Information supplied —
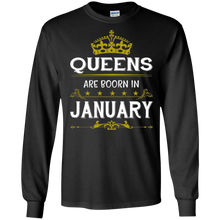 Queens Are Born In January Birthday T-Shirt for Women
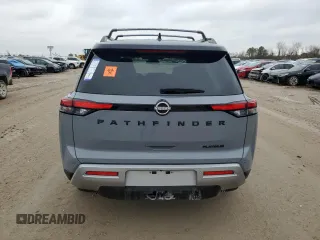 2024 Nissan Pathfinder Platinum with VIN 5N1DR3DG0RC274130, listed as a Copart auction lot 87738855 with 0 mi miles and Non Repairable. Bid and sale history available at carsss.com. Image 6.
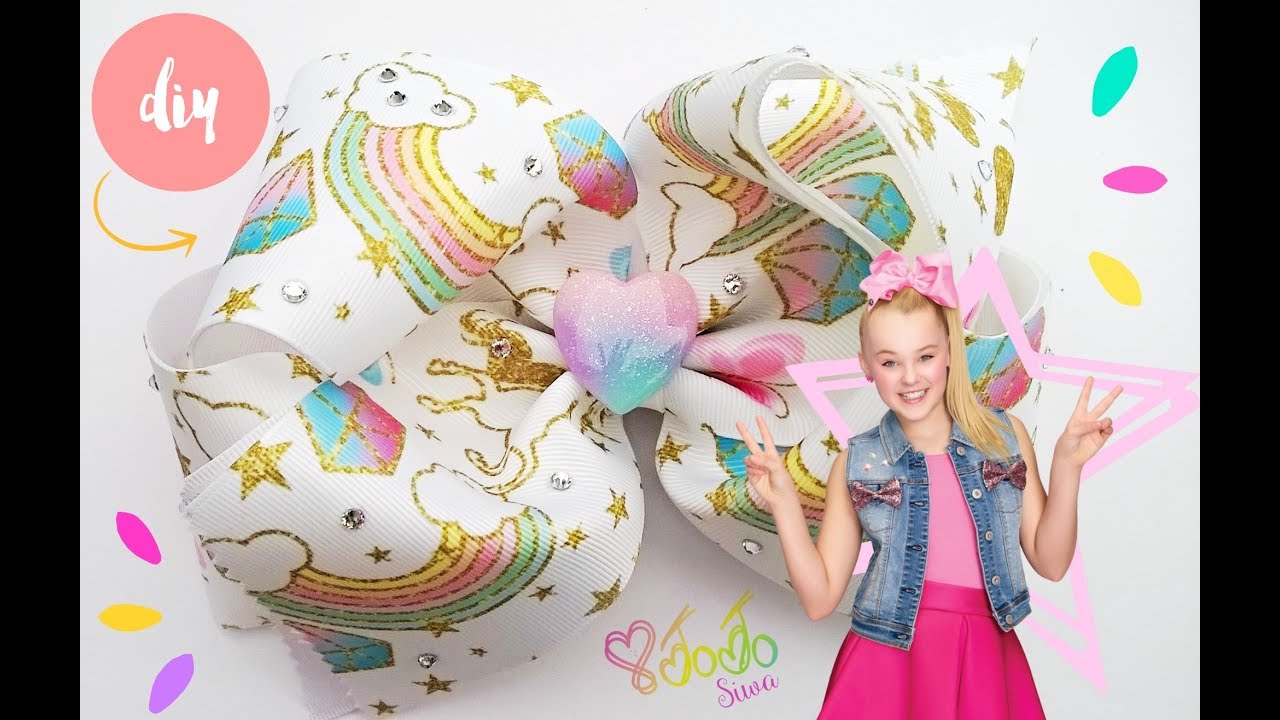 Como hacer un moño  JOJO SIWA / How to make a JOJO SIWA style hair bow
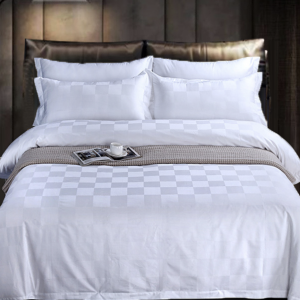 Hotel linen high-weight brushed jacquard high-imitation cotton star hotel homestay four-piece set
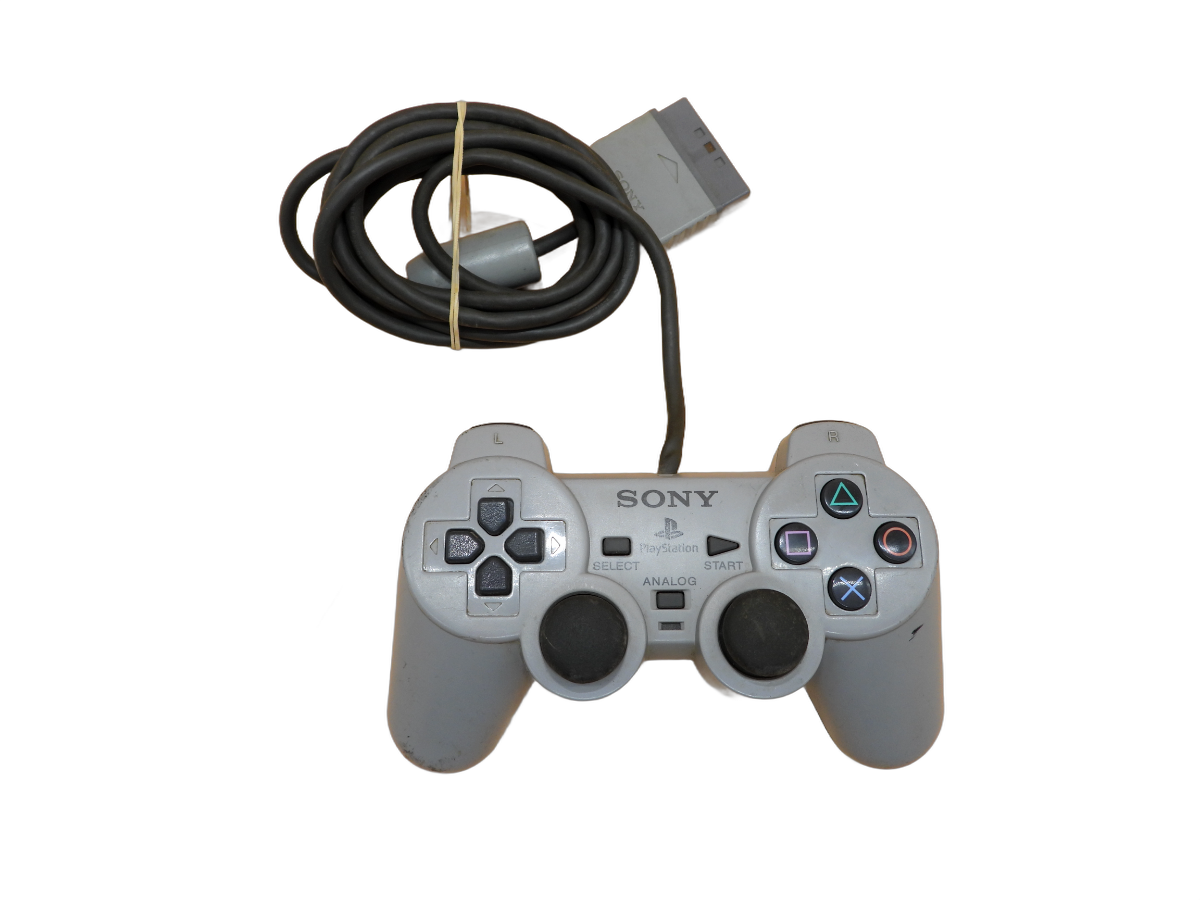 Sony PlayStation Scph 1010 Analog Wired Controller Game DAMGED 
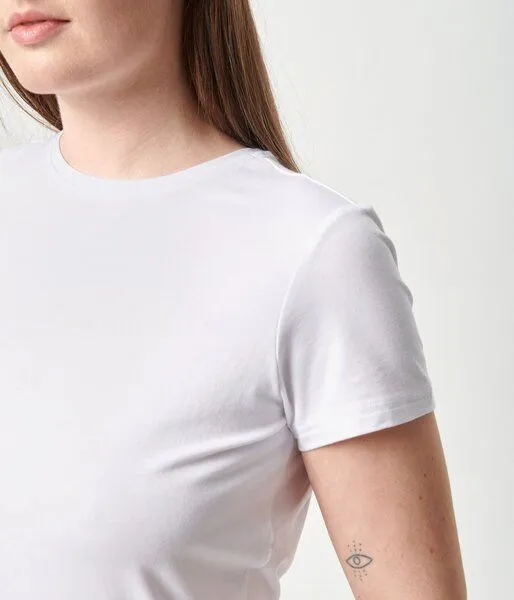 Copenhagen Bamboo 3er-Pack weißes Bambus-T-Shirt – Produktbild 4 von 4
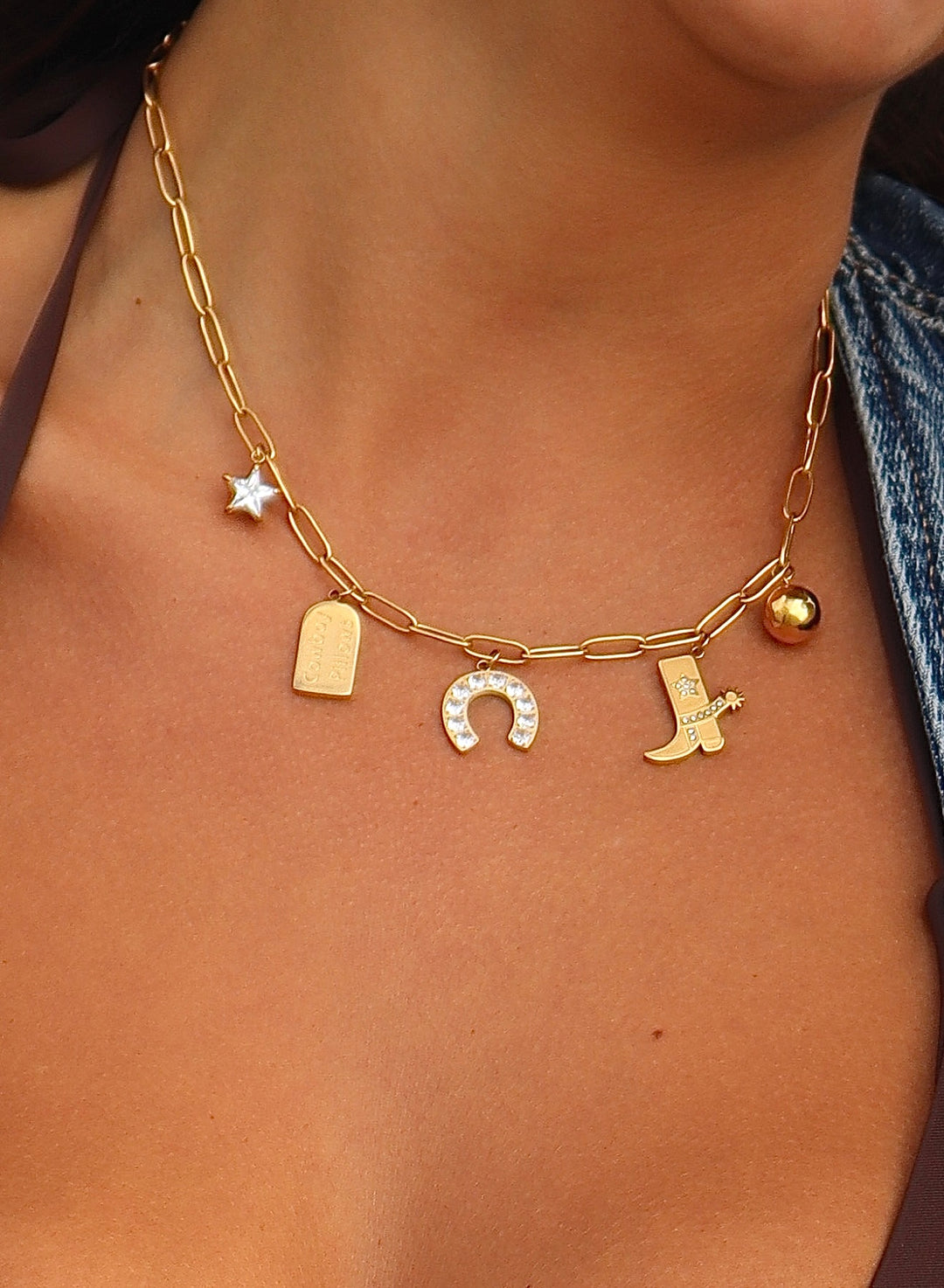 Cowgirl charm necklace  image 5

Task item — The result should be the listing above, restated exactly, with no pictures in it.

Answer area —
 Queens Are Born In January Birthday T-Shirt for Women
 2024 Nissan Pathfinder Platinum with VIN 5N1DR3DG0RC274130, listed as a Copart auction lot 87738855 with 0 mi miles and Non Repairable. Bid and sale history available at carsss.com. Image 6.
 Como hacer un moño  JOJO SIWA / How to make a JOJO SIWA style hair bow
 Hotel linen high-weight brushed jacquard high-imitation cotton star hotel homestay four-piece set
 Sony PlayStation Scph 1010 Analog Wired Controller Game DAMGED 
 Copenhagen Bamboo 3er-Pack weißes Bambus-T-Shirt – Produktbild 4 von 4
 Cowgirl charm necklace  image 5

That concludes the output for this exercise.